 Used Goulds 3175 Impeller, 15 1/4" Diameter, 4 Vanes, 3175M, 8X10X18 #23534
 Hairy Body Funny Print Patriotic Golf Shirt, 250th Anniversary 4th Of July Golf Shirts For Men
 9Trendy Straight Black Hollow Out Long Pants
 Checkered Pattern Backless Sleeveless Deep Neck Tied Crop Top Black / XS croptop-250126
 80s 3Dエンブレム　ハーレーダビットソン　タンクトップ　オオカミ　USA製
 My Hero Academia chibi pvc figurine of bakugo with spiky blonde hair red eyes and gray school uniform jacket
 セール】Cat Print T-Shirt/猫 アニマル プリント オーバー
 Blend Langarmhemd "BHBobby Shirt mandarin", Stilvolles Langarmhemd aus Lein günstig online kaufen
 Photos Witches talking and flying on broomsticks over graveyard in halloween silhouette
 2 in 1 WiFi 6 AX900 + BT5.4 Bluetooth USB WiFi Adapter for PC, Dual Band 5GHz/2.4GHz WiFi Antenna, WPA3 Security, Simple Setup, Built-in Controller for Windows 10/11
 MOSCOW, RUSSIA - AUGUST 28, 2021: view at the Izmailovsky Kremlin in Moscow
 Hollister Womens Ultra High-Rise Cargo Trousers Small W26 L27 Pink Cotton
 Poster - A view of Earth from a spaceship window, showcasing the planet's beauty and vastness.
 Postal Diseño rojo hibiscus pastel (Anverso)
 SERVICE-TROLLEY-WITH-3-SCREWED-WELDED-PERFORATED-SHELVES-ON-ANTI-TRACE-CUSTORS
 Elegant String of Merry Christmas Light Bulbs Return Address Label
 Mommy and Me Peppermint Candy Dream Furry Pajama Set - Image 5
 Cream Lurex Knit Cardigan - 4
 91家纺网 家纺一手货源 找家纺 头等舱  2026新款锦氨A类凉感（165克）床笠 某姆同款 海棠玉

-.-.-

# [TASK TO CARRY OUT]
Print nothing except the lines from the line containing "Elegant String of" to the end of the listing, exactly as written.

# [SOLUTION TO THE PROBLEM]
 Elegant String of Merry Christmas Light Bulbs Return Address Label
 Mommy and Me Peppermint Candy Dream Furry Pajama Set - Image 5
 Cream Lurex Knit Cardigan - 4
 91家纺网 家纺一手货源 找家纺 头等舱  2026新款锦氨A类凉感（165克）床笠 某姆同款 海棠玉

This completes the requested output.